Following

I was responding to a comment and something came up that I thought I’d bring to a more public place for discussion. Those of us that write a blog all have certain things we do as part of this blogging way of life. It’s not just write, publish and reap millions of readers’ love and adoration. Is it? I mean, if it is for you that’s insanely good. Move along, there’s nothing for you here.

Like I said in my last post, this is a blogging platform not specifically a social one. If you want it to become a social one you have to work at it. Most followers at the beginning to middle stages of a blog are other blog writers. We’re interested and we’re here a lot more than general readers. It just stands to reason that we are each other’s audience to a great extent. What that means is that there is reciprocation needed. You can’t just write and move on with your day if you want to build a community.

I can’t tell you how many times I’ve read a blog post about someone’s guilt related to not reading all their followers’ posts. I feel that guilt all the time. I’m sure many of you do too…I’ve read it. I’ve gone back and forth with this guilt. I’ve tried to read through and comment on every subscription email I receive on your posts. I’ve tried to have a laissez-faire attitude of “I’ll read the ones that really interest me,” because I can’t read them all. Then I’ve fallen completely off the wagon and deleted them all in one swift fire sale of frustration. I haven’t found the sweet spot of following.

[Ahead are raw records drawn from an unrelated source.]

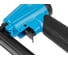Пневмопистолет скобозабивной DTS-0210 DGM DG4013-1 ЦИ-0365013936 9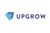 Upgrow logo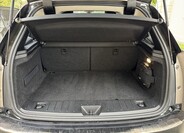 BMW i3 24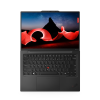 Ноутбук LENOVO X1 Carbon G12 (21KC006LRA)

My question is what do you do? How do you handle the flow? How do you build community? I see some folks who have succeeded. They have a nice group of consistent commenters and they are having a grand time. I post a comment in the midst of their conversation and it makes me smile. I feel the glow coming from their light.

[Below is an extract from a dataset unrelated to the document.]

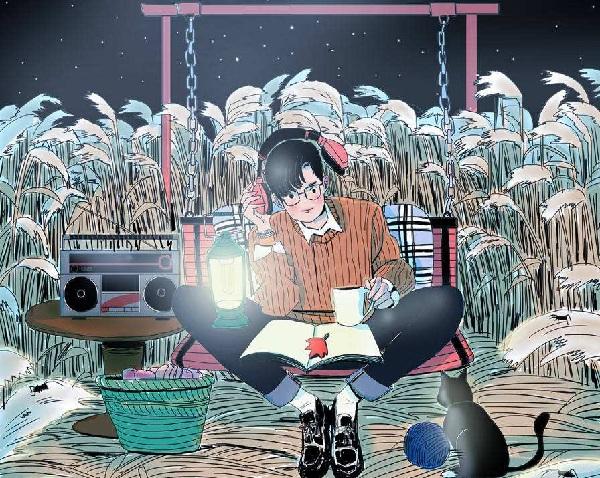 不得罪任何人，和誰都能聊得來的是哪三個星座？ 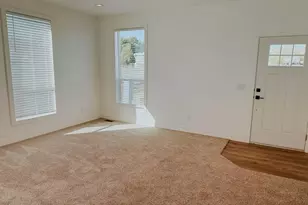 20821 E Cactus Wren Dr, Mayer, AZ 86333 - Photo 5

I know not everyone has the same goal. People blog for many different reasons. My own reasons vacillate back and forth. I write because I love to write. I write for my Dominant. He loves to read and it thrills me to thrill him. This is a way I can serve him and show my love. He likes to use my writing to assess how I did with his choice of scenes. He is a process thinker, an engineer. He needs input and I don’t always want to talk it all through. I love talking to him but I don’t always volunteer information, so I write and it’s

another way to communicate.

I am a social person and a service person. My submission to Daddy has a big service element. My work and parenting also have a service element. This means that I don’t do anything in a vacuum or just for myself. Which leads me to realize that I need to give weight to that in my writing endeavors too. I thrive on feedback. I thrive in a community. When the community or service aspect of my writing dwindles, I stop wanting to write as much.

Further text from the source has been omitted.